# Self-employed industrial work



## CoolWill (Jan 5, 2019)

I do industrial service work. Not exclusively. But I got several customers because I just answered the phone when they called during an emergency. Others I got through referral. I didn't specifically go looking, but if I were to do that, I suppose I'd start by striking up a conversation with the maintenance heads at various facilities. I have one industrial customer because I gave him some advice at the supply house counter.


----------



## telsa (May 22, 2015)

Don't bring up the Libyans.


----------



## Chaz (Aug 11, 2018)

CoolWill said:


> I do industrial service work. Not exclusively. But I got several customers because I just answered the phone when they called during an emergency. Others I got through referral. I didn't specifically go looking, but if I were to do that, I suppose I'd start by striking up a conversation with the maintenance heads at various facilities. I have one industrial customer because I gave him some advice at the supply house counter.


Nice! Do you have an industrial background? Or a commercial/resin background?


----------



## CoolWill (Jan 5, 2019)

Chaz said:


> Nice! Do you have an industrial background? Or a commercial/resin background?


I started in industrial. Then went commercial/industrial. I've done enough residential along the way to know how. Most of my jobs are commercial and residential service these days. A handful of industrial and agricultural clients.


----------



## Chaz (Aug 11, 2018)

CoolWill said:


> I started in industrial. Then went commercial/industrial. I've done enough residential along the way to know how. Most of my jobs are commercial and residential service these days. A handful of industrial and agricultural clients.


Thanks for the info:smile:


----------



## glen1971 (Oct 10, 2012)

Up here the safety programs would almost make it impossible to be a one man shop in the industrial world. Then you get the client that wants a job way larger than you can provide and someone else scoops the work..


----------



## MechanicalDVR (Dec 29, 2007)

I've had much the same experience as CoolWill, always meeting maintenance guys from various plants at the Grainger counter when they were trying to come up with parts to make a repair the counter person was at a loss with.


----------



## just the cowboy (Sep 4, 2013)

I did many moons ago. I see you are an apprentice, you do not have enough time in to know all you would need to start your own business in controls. It is a great field to get into but it takes years of experience to be able to design and install something. 


Your biggest problem would be insurance, since most projects would involve some type of human interaction, and then life safety is involved. This is what caused me to stop doing machine upgrades. There is also errors and omissions insurance in case something you design causes big time lose of production or damage to a machine.


If you enjoy doing this type of work, do it for somebody.


Cowboy


----------



## joebanana (Dec 21, 2010)

The only one man operations I've come across in the industrial field do consulting work. Mostly in controller programming.


----------



## tmessner (Apr 1, 2013)

CoolWill said:


> I do industrial service work. Not exclusively. But I got several customers because I just answered the phone when they called during an emergency. Others I got through referral. I didn't specifically go looking, but if I were to do that, I suppose I'd start by striking up a conversation with the maintenance heads at various facilities. I have one industrial customer because I gave him some advice at the supply house counter.

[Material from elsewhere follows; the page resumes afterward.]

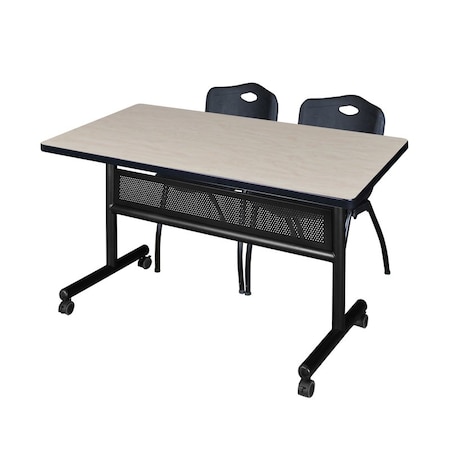 Rectangle Mobile table, 48" W, 29" H, Laminate Top, Maple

Same here. Answer the phone after hours, on weekends. Answer questions when they ask. Be friendly. It helps to have the same birthday of the owner and eat lutefisk together.


----------



## Chaz (Aug 11, 2018)

@just the cowboy yeah I realize I’ll many years/decades from having a business in control/ instrumentation etc. It is really just a pipe dream for me. Thank you for the insight


----------



## just the cowboy (Sep 4, 2013)

*Don't give up the dream*



Chaz said:


> @*just the cowboy* yeah I realize I’ll many years/decades from having a business in control/ instrumentation etc. It is really just a pipe dream for me. Thank you for the insight



Don't give up the dream. But like I said if you enjoy it get a job in it. You can make almost as much money working for a good company as working for yourself, without all the headaches.
I got into machine upgrades in the 90's when PLC's were on the uptake. Not as much legal issues then, most of the stuff I did has probably been decommissioned by now, but I still worry about the what ifs because I am no longer in business and insured. Some lawasser could still try to come after me if someone were to get hurt. 


Learn Learn Learn. It was a good question you asked.


Cowboy


----------



## Lone Crapshooter (Nov 8, 2008)

I am trying to do the same thing now . It is extremely slow now and a lot of the problem is the weather and the time of the year. It has been a real education and a expensive one putting it together. 
One thing you have to realize is that big companies are EXTREMELY SLOW TO PAY.It is nothing for them to owe a contractor $50,000 for 120 days or longer. It takes a special kind of company to withstand that kind of hit. 
When I had my first business I did a lot of work for UPS. I could bill them on Monday and have the check in the bank on a Thursday. That was the exception not thr rule. I don't know how they are now. I am going to fill out a vender form for them in the immediate future. Back then we conducted business over the phone now it is all done on line. Most of the time it gets worse not better when you do stuff on line. 

LC


----------